With all three of NYU Langone Health’s hospitals filling fast with coronavirus disease (COVID-19) patients last March, Dean and CEO Robert I. Grossman, MD, called for a digital surveillance tool to monitor and map daily clinical trends across the health system. “Dean Grossman recognizes that without reliable data, you’re flying blind,” notes Fritz François, MD, chief medical officer and patient safety officer. “If you can’t measure something, you can’t improve it.”
Dr. François immediately developed a template with Samuel Levine, director of operations and resourcing, who helped spearhead a collaboration with clinical and operational leaders across the institution to develop a customized COVID-19 dashboard—an extension of the electronic dashboard already in place to track institutional performance measures. “Evidence-based decisions would be based on these numbers,” Levine says, “so they had to be current, correct, and validated.”
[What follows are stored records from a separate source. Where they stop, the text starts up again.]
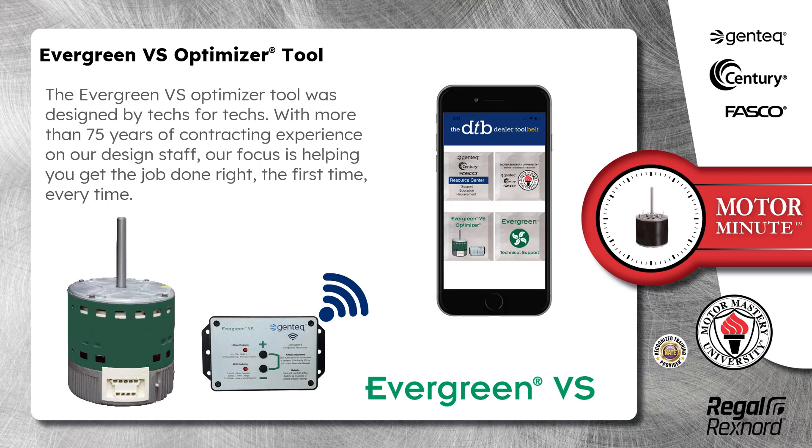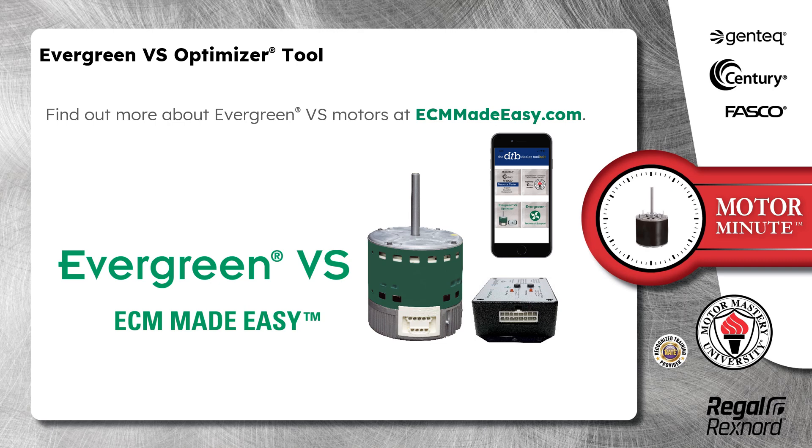The Evergreen VS Optimizer tool was designed by techs for techs. With more than 75 years of contracting experience on our design staff, our focus is helping you get the job done right, the first time, every time. Find out more about Evergreen VS Motors at ecmmadeeasy.com.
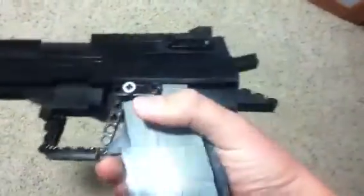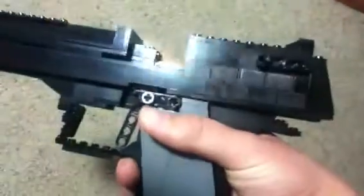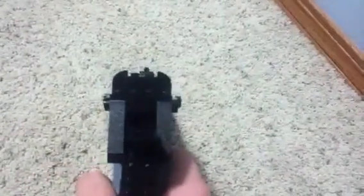Working trigger, hammer, safety. If you got the hammer down, slide this down. You put that up and it shoots. And then also working slide. Slide and then slide lock. And then sights.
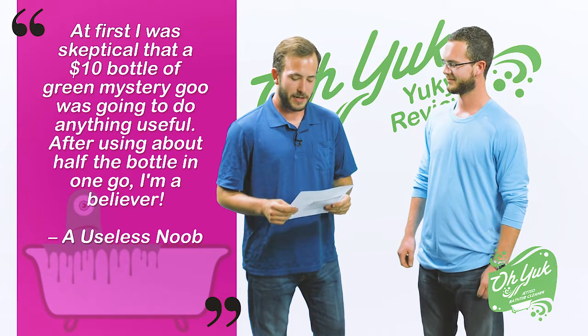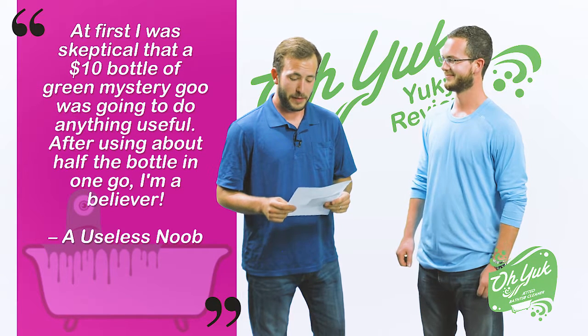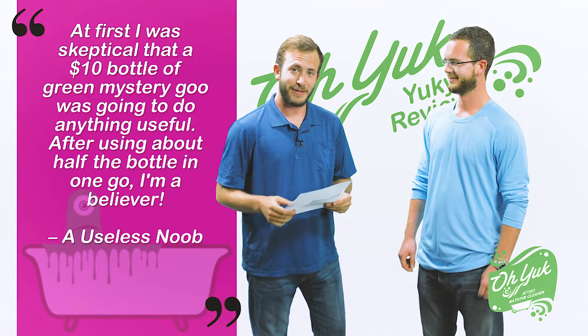At first I was skeptical that a $10 bottle of green mystery goo was going to do anything useful. After using about half the bottle in one go, I'm a believer. Thank you, a useless noob.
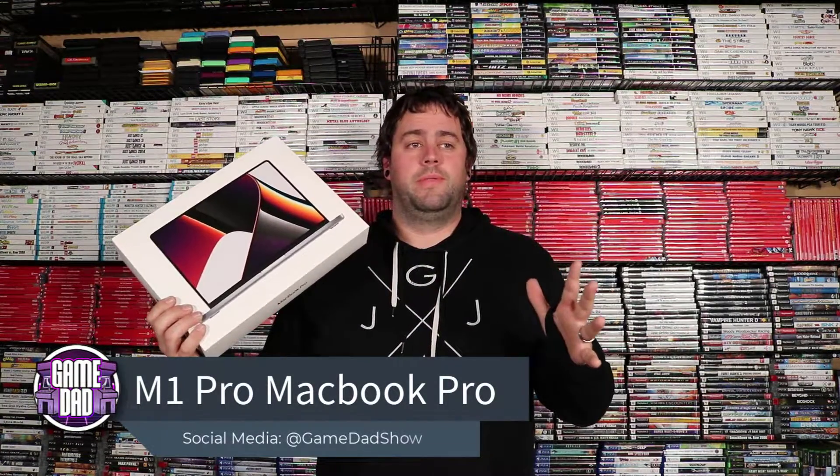Hey, what's up everyone, Game Dad here and I am super excited because I ordered something several weeks ago and it has finally come in. We are going to do a quick unboxing — it is the first MacBook Pro that I have owned since I think 2011 or 2012. This is the new 14-inch MacBook Pro with the M1 Pro, totally stock on storage options and RAM.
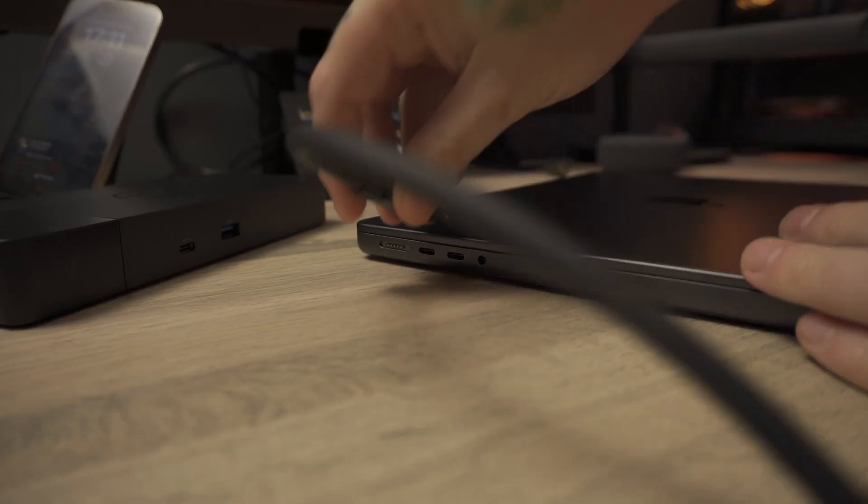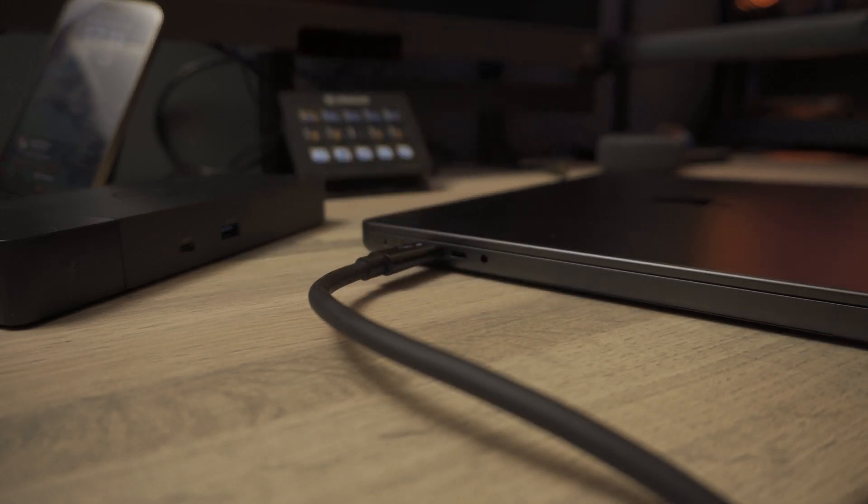Before going further, let's talk about those four display connections on the back when using this with a MacBook. Unfortunately, due to the way a Mac outputs external displays, you can only use one of those four ports. You can use the HDMI port, one of the DisplayPorts, or the USB-C multi-function port — but not more than one. If you try, you'll only get mirrored displays, not extended. However, while using HDMI or DisplayPort, you can still use the USB-C display socket for other things like a hard drive or webcam.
By 10:30PM on March 16, within eight hours of the dean’s initial request, the first iteration of the new COVID-19 dashboard was sent to the Executive Leadership Group. Highlighting 9 metrics that eventually expanded to 25, it tracks daily changes in admissions to the emergency departments and ICUs, intubations and ventilations, bed capacity, and other key indicators of how an outbreak is impacting NYU Langone. Dean Grossman considers the assessment tool such an exemplary model for how academic medical centers can inform epidemiology that he has shared it with the federal government. “We can’t just react,” explains Dr. Grossman. “We have to stay ahead of the crisis. The dashboard enables us to see trends and patterns in real time. It keeps us agile.”